Kubernetes collection

A practical collection of my Kubernetes notes and real configurations learnt the hard way.

This section is the hub for everything Kubernetes in the Sphere. It points to pages you can use as building blocks for a local-first, on-premises, virtualised/hybrid/bare-metal platform.

What this covers

  • The foundation needed to run a reliable cluster on-premises or in a lab.
  • How to provision clusters with repeatable playbooks and minimal manual steps.
  • Core services I find useful.
  • Backup and recovery that you can test and prove end-to-end.
  • Operational practices to maintain a stable platform.
  • Architecture choices for small, medium, and enterprise-grade shapes.
  • Troubleshooting patterns that help you isolate and fix issues quickly.
  • A reference area with commands, manifests, and links.
  • Runbooks that provide a complete deployment, validation and testing guide.

New to Kubernetes

If you are new to Kubernetes I recommend that you build your first cluster following the three sections below.

  1. Foundation.
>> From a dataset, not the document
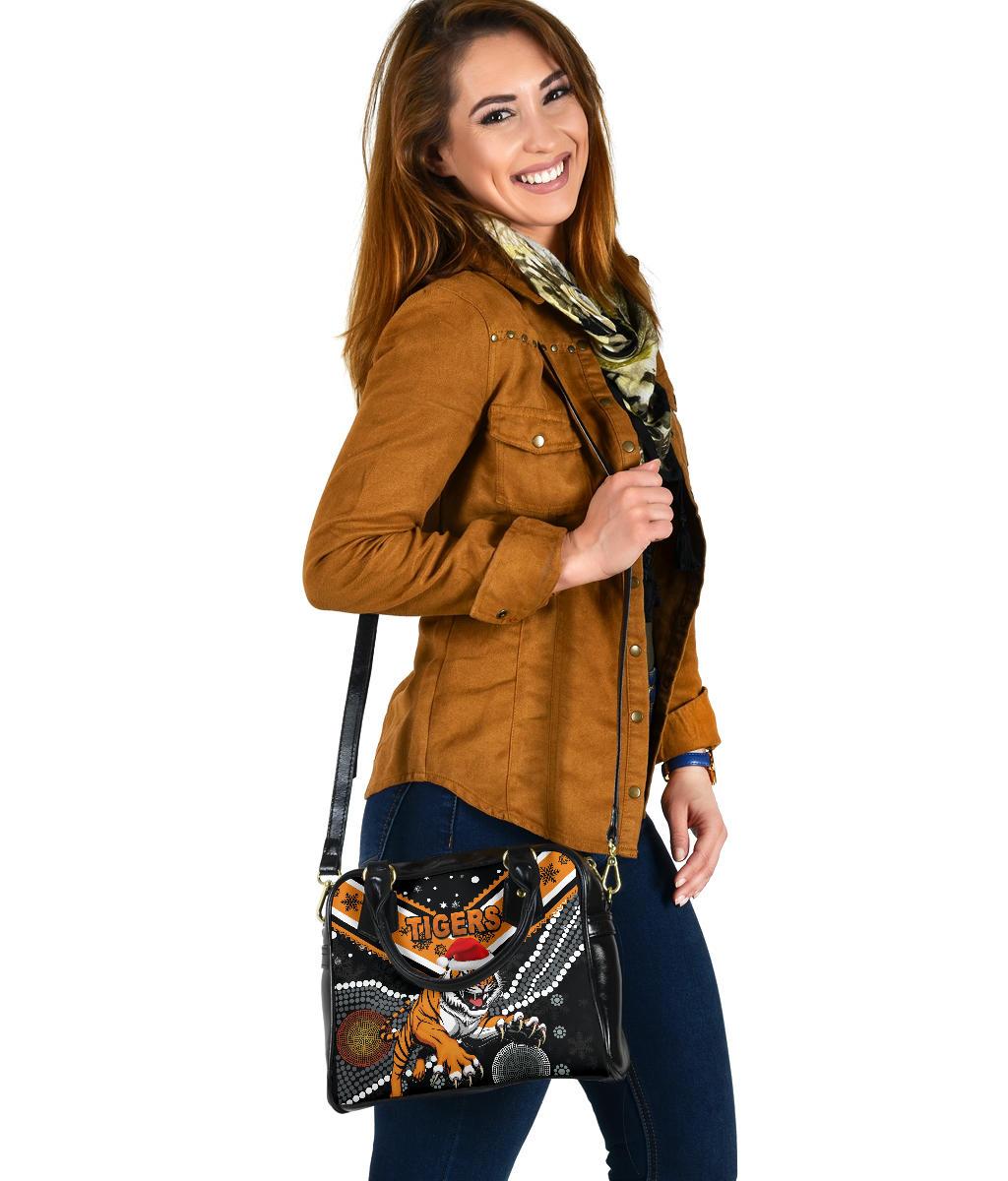 Wests Christmas Shoulder Handbag Tigers Indigenous - Vibe Hoodie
Install essential tools and plan your environment.
  2. Provisioning. Prepare network, deploy load balancers and use Kubespray to deploy a cluster.
  3. Services. Install helm and use it to deploy the Kubernetes dashboard.
tip

Learn by doing. Stand up a production-style lab cluster with dashboard access in under an hour.

If you already operate clusters in the cloud

  1. Foundation. Map cloud provided components to on-premises components such as internal CAs, routing, and storage.
  2. Services. Standardise on one container network interface (CNI) and one ingress across sites.
  3. Architecture. Select an architecture within your constraints and desired growth.

If you run a small business or a solo practice

What application makes sense for you to self-host on-premises?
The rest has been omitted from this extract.